Remember this? In college it was my favorite course. I'd burn through test books analyzing Kinnel; Barth; THE GOOD SOLDIER; John Knowles. What did this mean and what was the leitmotif and how was it exemplified?

What happened? Today, truthfully, I look at a novel and make sure the first thirty pages are fun to read as opposed to well written; set up good characters and make me hunger for more. Non-Fiction, Arnold has covered that. So what am I going to do to refresh my critical mind? I'm going back to the classics. Since I have zero memory of what I read last night, never mind forty years ago, I am thinking I will start off easy-THE CATCHER IN THE RYE Does that count? All I remember are the ducks.

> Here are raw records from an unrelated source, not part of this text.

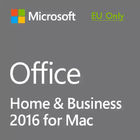 Maison activée en ligne de Microsoft Office et code principal des affaires 2016 pour l'UE de Mac In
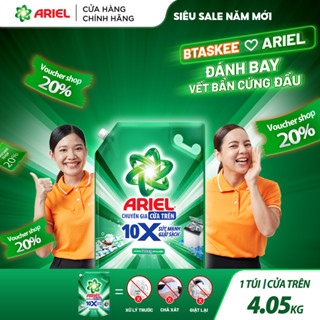   Livestream  Nước Giặt Cửa Trên ARIEL 10X Giặt Nhanh 4.05KG 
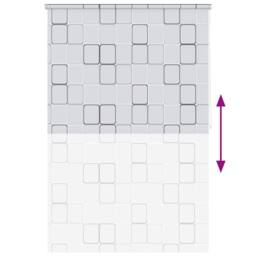 Berkfield Home Shower Roller Blind 140x240 cm Square in White - thumbnail 5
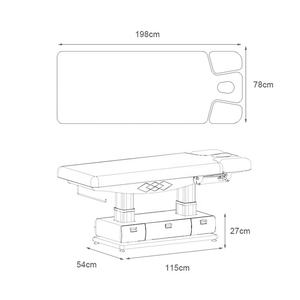 Camilla de Masaje Eléctrica con 4 Motores para Tratamientos Faciales, Pestañas y Estética en Spa y Salón de Belleza - Product Image 2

Now I finally understand why there are book clubs and notes in the back of fiction. Duh. Took me one hundred years to figure it out. And that's another one: ONE HUNDRED YEARS OF SOLITUDE-I don't remember a thing. I would love to take a year off and just read classics. Maybe when I retire that is exactly what I will do.

1 comment:

  1. Hear, hear, Sandi! Between feeling a) overwhelmed at the choice of fiction on the bookshelves b) annoyed at the breathless and grandiose comparisons publishers make on the flap and back panels of same, and c) frequently disappointed when said fiction, while perhaps being quite good, almost inevitably falls short of said breathless and grandiose comparisons, and d) conscious of great gaps in my grounding in the classics, despite having been an English major, I, too, love to return to the classics for reads that work my intellectual muscles and rarely disappoint. I recently finished Henry James's THE WINGS OF THE DOVE. Talk about stretching the mind! There were sentences that went on for literally half a page, and paragraphs that went on for a full page. At first I literally had to parse the sentence - OK, this verb goes with this subject; this clause goes with this character, etc. And I realized my attention span has become distressingly gnat-like. But I stuck with it, despite some long hiatuses (hiaiti??), and was rewarded amply - he is a true master of shades of meaning, shades of character, atmosphere and ambiance and motive. I learned so much about the level of nuance that is possible in language and storytelling. And boy, was I proud of myself when I finished.